On Stockenström's legacy, historian Christopher Saunders concluded: "No man in the 19th century Cape had greater breadth of vision, none gained the respect of a wider constituency, black as well as white."

==Early life==

The eldest son of Anders Stockenström (1757-1811), a Cape landdrost of Swedish ancestry, he received an elementary education in Cape Town and in 1808 took up an appointment as clerk in his father's office at Graaff-Reinet. En route he met up with Lt-Col R Collins and accompanied him as a Dutch interpreter on a journey that took them to the Orange River and into the Xhosa country. Inclined to pursue a military career, Andries accompanied the expedition sent in 1810 to inform Ndlambe, the Rharhabe paramount chief, of the government's aim to expel him from the Zuurveld.

==Military career==

In the 19th century, the Cape frontier was afflicted by a recurring series of Frontier Wars, between the Cape Colony on the one side, and the Xhosa chiefs on the other.
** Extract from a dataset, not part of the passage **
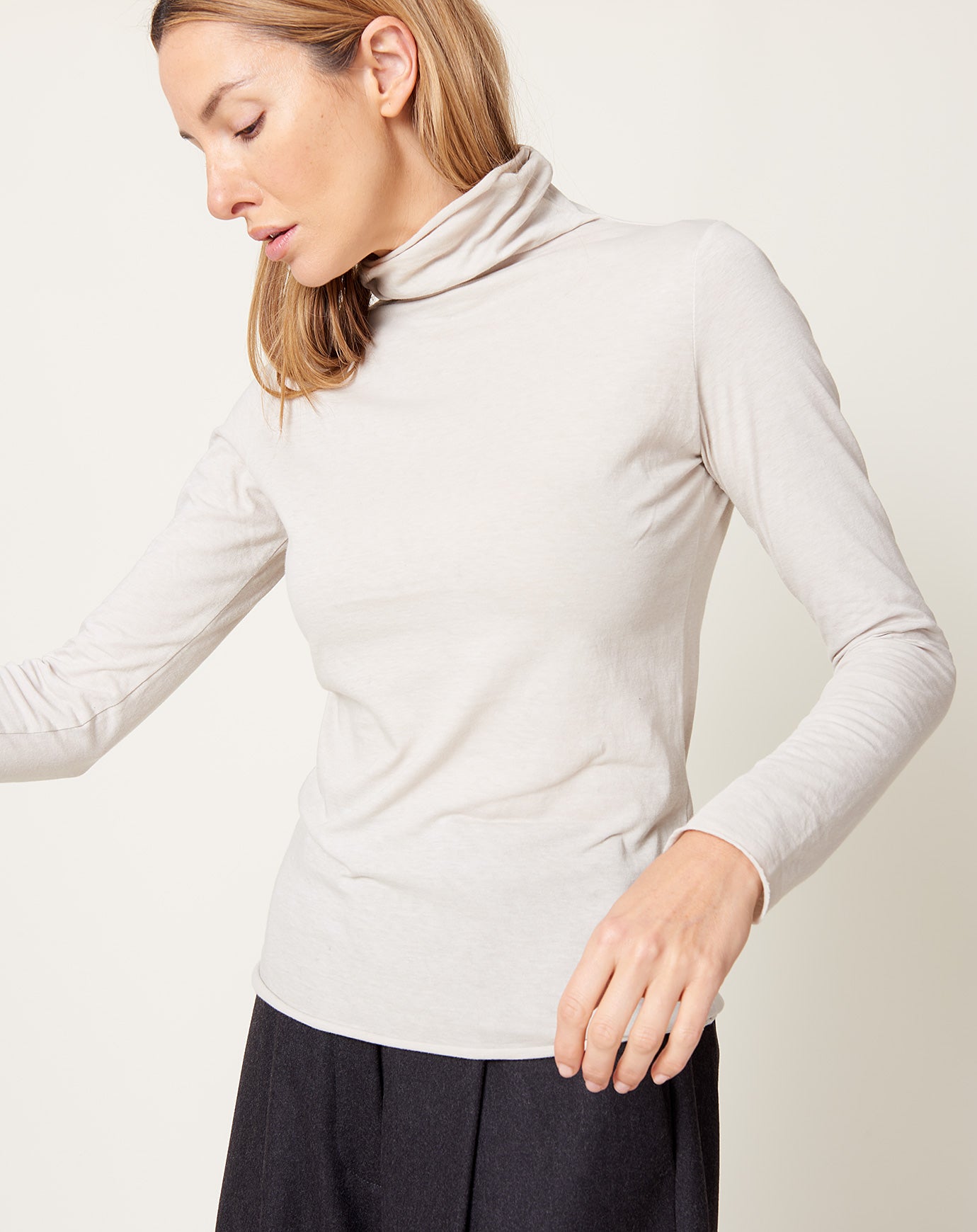 evam eva cut&sew Turtleneck in Grege
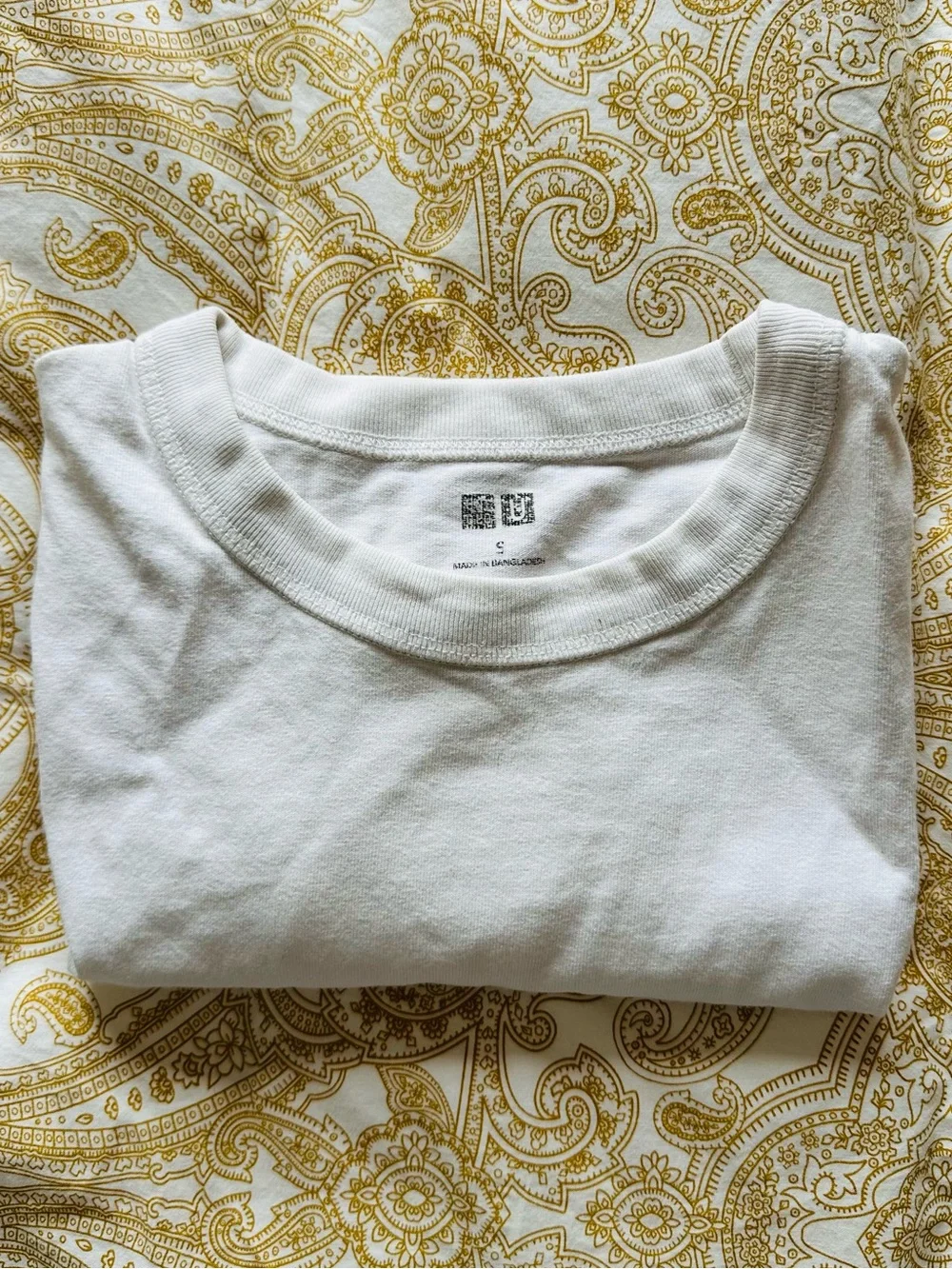 Uniqlo Mens Classic White Crewneck T-Shirt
Stockenström's military career additionally saw growing disagreement between the leadership of the local Cape forces (the Burgher commandos) and the settlers on the frontier who supported greater imperial control.

While the young Stockenström was a great and sometimes ruthless soldier in the frontier wars, in the coming years he came to develop a growing sympathy with his Xhosa opponents.
The frontier policy of the colonial government at the time was the so-called "Reprisals System", whereby frontier settlers were permitted to cross the border to reclaim stolen cattle from any Xhosa settlement to which the cattle-tracks led – even if the stolen cattle were not in fact there. Stockenström was fiercely opposed to this system. His opinion that the Cape Colony colonists of the frontier were unfairly treating of their Xhosa neighbours led to his later conclusion that a strictly enforced system of treaties must be enforced on both sides in order for peace and mutual respect to develop.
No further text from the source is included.